‘Shenanigans’ Gone ‘Off the Rails’: PQA Asks CAFC to Step in on Vidal Director Review Sanctions

“Rather than commend PQA for bringing a compelling merits petition, the Director faults PQA for…a confidential counteroffer made during settlement discussions with VLSI.” – PQA Petition for Writ of Mandamus

PQAFollowing United States Patent and Trademark Office (USPTO) Director Kathi Vidal’s December 2022 precedential decision that Patent Quality Assurance (PQA) abused the inter partes review (IPR) process in its case against VLSI Technology, PQA has filed a petition seeking mandamus relief in the matter with the U.S. Court of Appeals for the Federal Circuit (CAFC).

Vidal ruled in December that PQA abused the IPR process by filing an IPR and threatening to join a separate IPR against VLSI in order to receive a payout from the technology firm.

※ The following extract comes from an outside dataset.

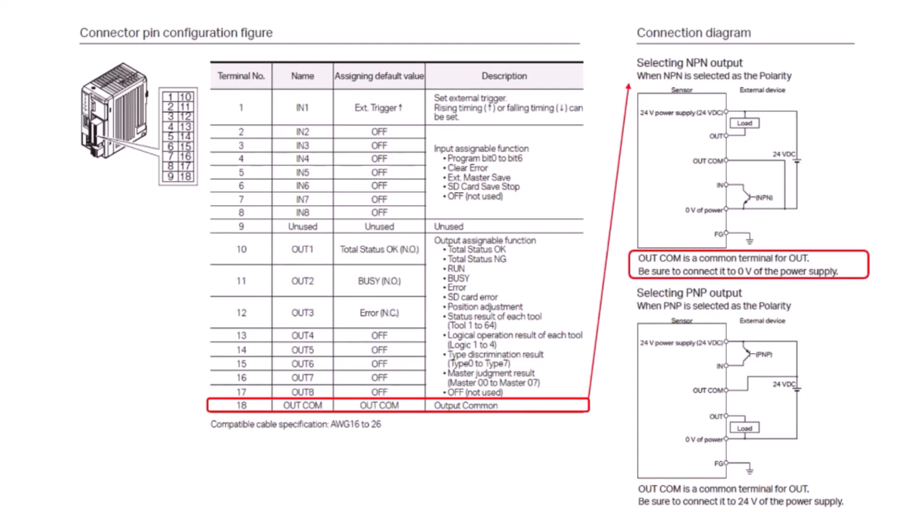If instead you want to use an NPN output for a 0-volt signal, your output common is going to connect to the 0-volt side of the power supply.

Vidal also found that PQA misrepresented an “exclusive engagement” with a witness, Dr. Adit Singh, who was involved in another IPR petition against VLSI from OpenSky. She wrote in the decision dismissing PQA from the IPR that, “though the behavior here may not be as egregious as that of OpenSky… I find that PQA’s behavior, nonetheless, amounts to an abuse of process.”

‘Off the Rails’

In its petition for a writ of mandamus, PQA claims that Vidal “unlawfully sanctioned PQA with dismissal” and prohibited the Board from issuing its Final Written Decision (FWD), which is due January 27, 2023. PQA is asking the CAFC to vacate the sanctions imposed by Vidal, vacate the stay order and to direct the Board “to comply with statutory and regulatory requirements.” Alternatively, it asks the court to vacate the Sanctions Decision and underlying orders and then direct the Board to issue the FWD “because further agency consideration is futile.”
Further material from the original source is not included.